I changed the project to first specify the version of Grunt, and then renamed the grunt file to Gruntfile.js, and it pretty much worked. You can see these changes in commit 0f98f7.

So, what's the big deal? Why is Grunt breaking projects and how can this be avoided in the future?

Global vs. Local

If you're a client-side developer, npm is probably just part of your toolkit and you don't really care about how it works. It gets things like Grunt for you so you can work more efficiently. However, us server-side developers like to obsess about things like dependency management, and to us it's important to be careful about specifying the version of a given module.

Previous versions of Grunt kind of broke this whole idea, because Grunt's documentation assumed you wanted to install Grunt "globally". I've never liked doing that, as I've experienced why this is bad first-hand with the Ruby side projects I've been involved with. What I've always preferred to do with Node is write a package.json for every project, and specify the version of each dependency.
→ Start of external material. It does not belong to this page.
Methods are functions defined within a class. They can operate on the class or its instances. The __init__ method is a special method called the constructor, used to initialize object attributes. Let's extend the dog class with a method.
I either specify the exact version, or the minor version if the project uses semantic versioning.

For example, with Grunt I might write this:

 , "grunt": "0.3.x"

This causes the grunt command-line tool to appear in ./node_modules/.bin/grunt, which probably isn't in your $PATH. Therefore, when you're ready to build the project and you type grunt, the command won't be found.
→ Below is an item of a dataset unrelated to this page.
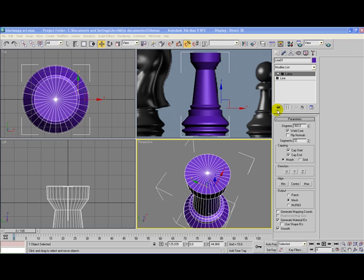Hello everyone and welcome to this video tutorial from visualmife.com. In this tutorial I'm going to show you how to create the tower for a chess set. I already created the basic part of the tower. If you don't know how to create this part, then I suggest you watch the other tutorials from the chess set video series — you probably want to see the creating of a pawn tutorial.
Knowing this, I usually add node_modules/.bin/grunt as a "script" to package.json which allows grunt to be invoked through the npm command. This works in Unix and Windows, which was partly the reason I used Grunt instead of make anyway.

There were problems with this approach, however. Grunt comes with a load of built-in tasks, so when the developers updated one of these smaller sub-modules they had to release a whole new version of Grunt. This is dangerous when a module is installed globally -- what happens if an updated task has an API breaking change? Now all of your projects that use it need to be updated.
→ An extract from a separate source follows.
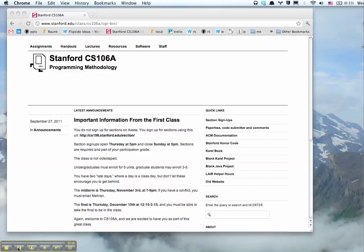Hi. Today I'm going to show you how to install Eclipse for Stanford CS106A.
To fix this, the Grunt developers have pulled out the command-line part of Grunt from the base package, and they've also removed the tasks and released those as plugins. That means you can now write this:

 , "grunt": "0.4.x"

And install the command-line tool globally:

npm install -g grunt-cli  

Since grunt-cli is a very simple module it's safer to install it globally, while the part that we want to manage more carefully is locked down to a version range that shouldn't break our project.

Built-in Tasks: Gone

The built-in tasks have been removed in Grunt 0.4. I prefer this approach because Grunt was getting extremely large, so it seems natural to move them out into plugins. You'll need to add them back as devDependencies to your package.json file.

If you're having trouble finding the old plugins, they've been flagged on the Grunt plugin site with stars.

Uninstall Grunt

Before switching to the latest version of Grunt, be sure to uninstall the old one if you installed it globally.

Other Changes

There are other changes in 0.4 that you may run into that didn't affect my little Backbone project. Fortunately, the Grunt developers have written up a migration guide which explains everything in detail.

Also worth reading is Tearing Grunt Apart in which Tyler Kellen and Ben Alman explain why Grunt has been changed, and what to look forward to in 0.5.

Peer Dependencies

If you write Grunt plugins, then I recommend reading Peer Dependencies on the Node blog by Domenic Denicola. As a plugin author, you can now take advantage of the peerDependencies property in package.json for defining the version of Grunt that your plugin is compatible with.

Take a look at grunt-contrib-requirejs/package.json to see how this is used in practice. The authors have locked the plugin to Grunt 0.4.x.